■ YOUR TASK
Leaving the pictures out, print the lines from the first line of the listing through the line containing "Alexa, ask SKYATP", exactly as they read, and no others.

■ EXTRACTED DATA
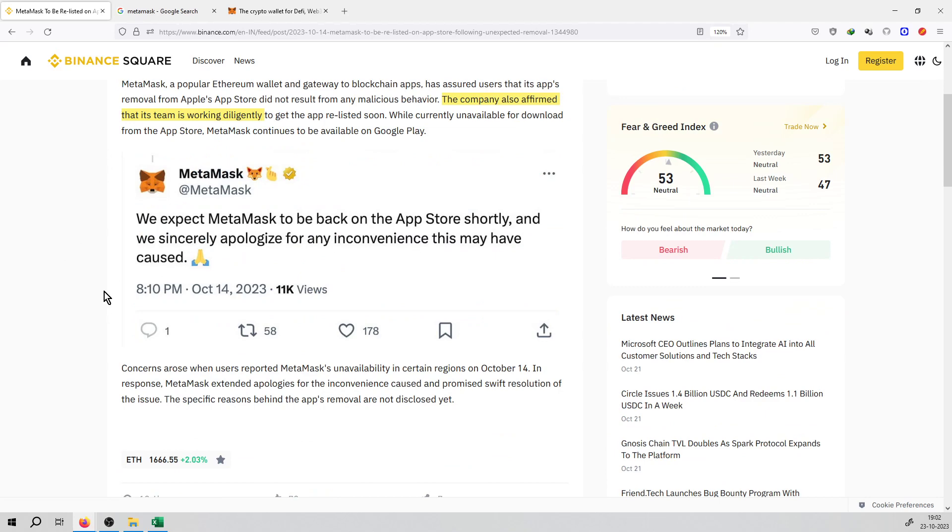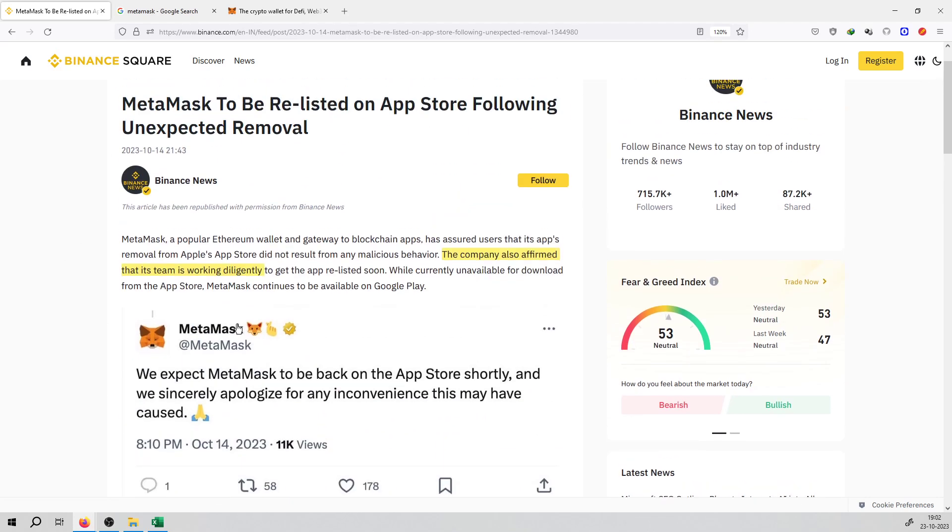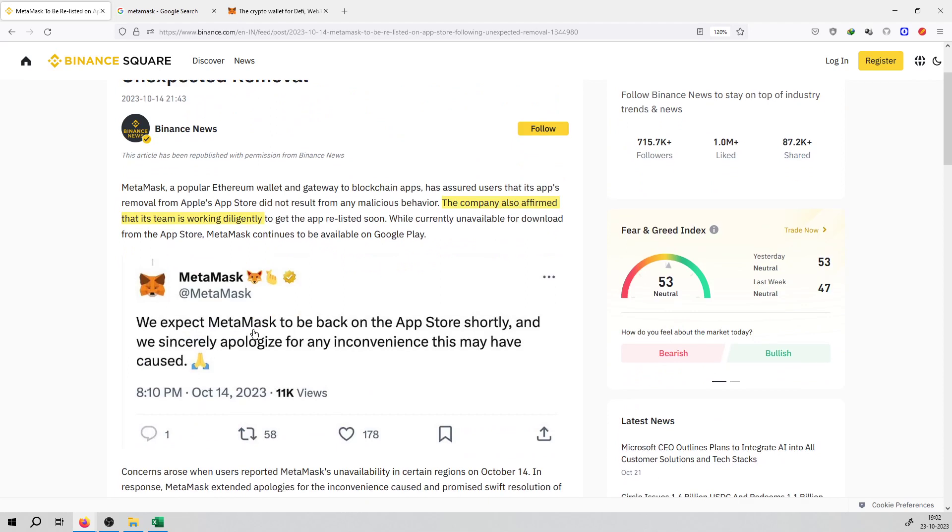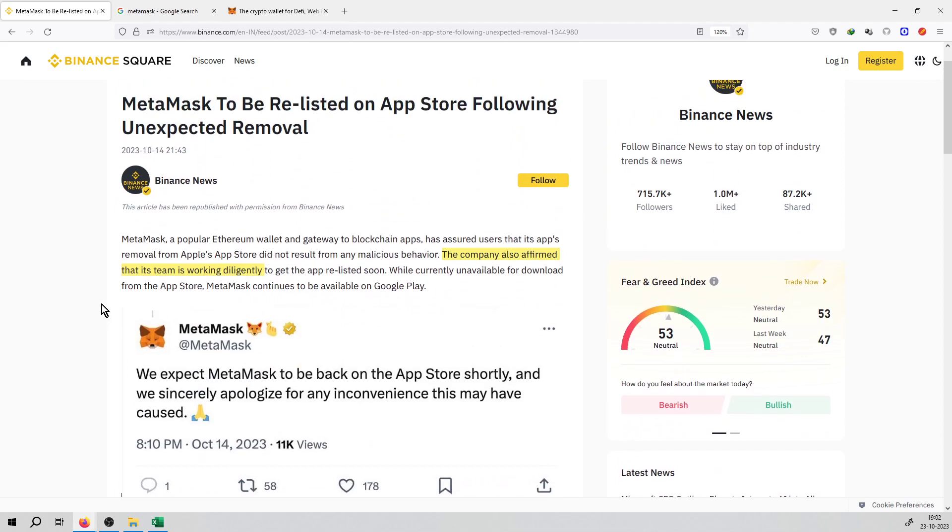So those users will be able to use it once the application is back on the Apple App Store. In the meanwhile, MetaMask has said that it will be available on Google Pay.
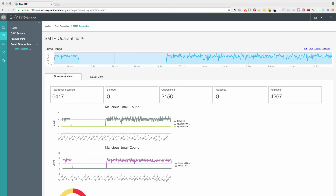Alexa, ask SKYATP to get email stats. 6417 emails were scanned. 0 were blocked. 2150 were quarantined. 4267 were allowed.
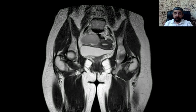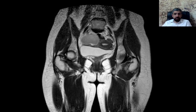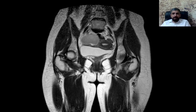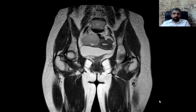As-salamu alaykum wa rahmatullah. I am Dr. Rahmadi Abdulluhaab, a Diagnostic Interventional Radiologist working in Arbir, Iraq. Today we will have a relatively simple case of MRI of the pelvis in an 18-year-old female patient presented with an abnormal pelvic ultrasound.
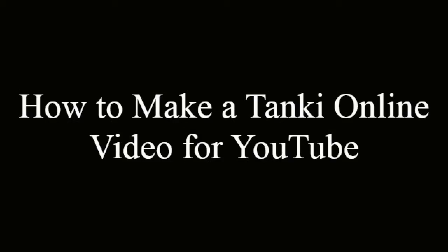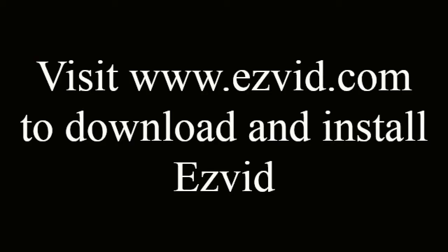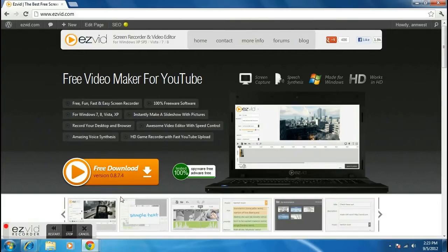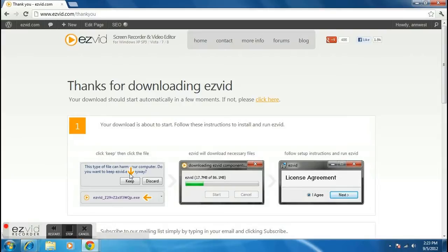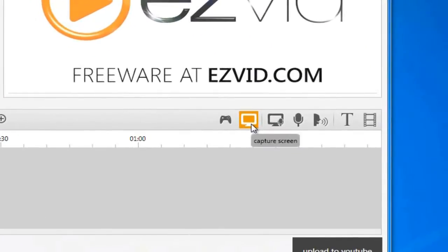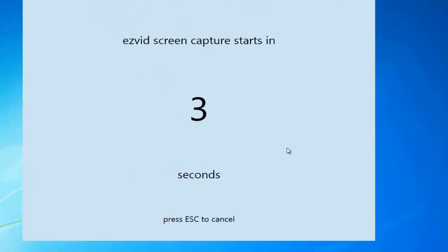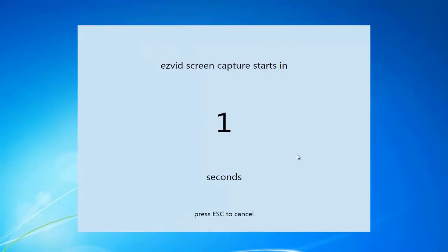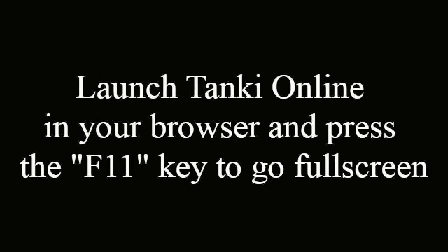How to make a Tanki Online video for YouTube. To begin, visit EasyVid.com to download and install EasyVid. Then run EasyVid and press the Capture Screen button. Launch Tanki Online in your browser and press the F11 key on your keyboard to go full screen.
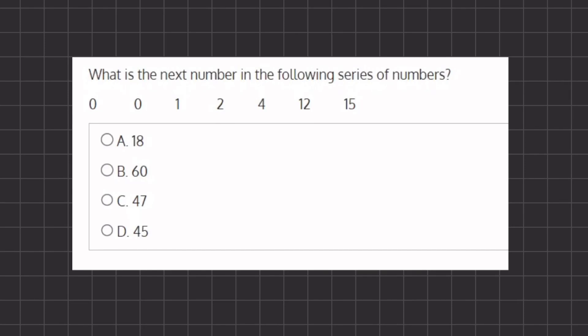In this problem we have a series of numbers and we want to know what the next number in our series will be. Let's take a look at our transitions — we have a few options. Moving from zero to zero, we could either be multiplying by one or adding zero. Moving from zero to one, we only have one option: adding one. Moving from one to two, we could either be multiplying by two or adding one.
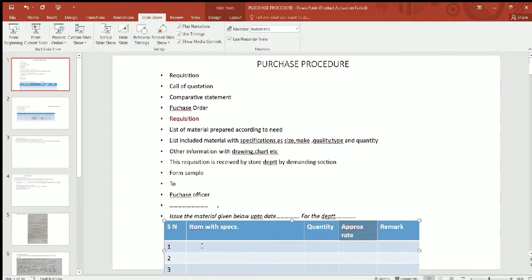The list of demands includes specifications such as size, quality, type, and quantity. If there is a drawing or chart related to the material which needs to be attached, the chart will be attached. The details of the particular item required will be provided in this way.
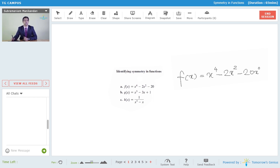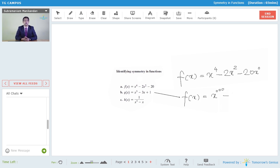The second function is also a polynomial function. However, this is a polynomial function with odd powers of x. The leading power of x is 3, then it has an x term, and then a constant term which can be considered as x to the power 0, an even power — but the leading power is 3. The third function is a rational function with a single even power in the numerator and another even power in the denominator.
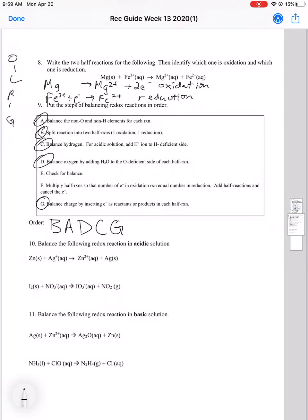We have two steps left. Now we have all our electrons balanced and all our atoms balanced for each half reaction within itself. But we need to make sure the two half reactions balance each other in terms of charge, so those electrons are going to cancel out. We multiply the half reactions so the electrons balance out, and then the last thing is to check and make sure we did it correctly.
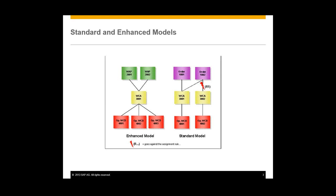There are two different models within the plant maintenance module of work clearance management: the standard and the enhanced model. In this video we'll be looking at the enhanced model, because it provides more flexibility and it allows for multiple work applications like hot work or hazardous chemicals. In the enhanced model there's an additional object called the work approval, and this binds together the plant maintenance orders to the work clearance applications.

■ THE COMPLETED TASK
So those users will be able to use it once the application is back on the Apple App Store. In the meanwhile, MetaMask has said that it will be available on Google Pay.
Alexa, ask SKYATP to get email stats. 6417 emails were scanned. 0 were blocked. 2150 were quarantined. 4267 were allowed.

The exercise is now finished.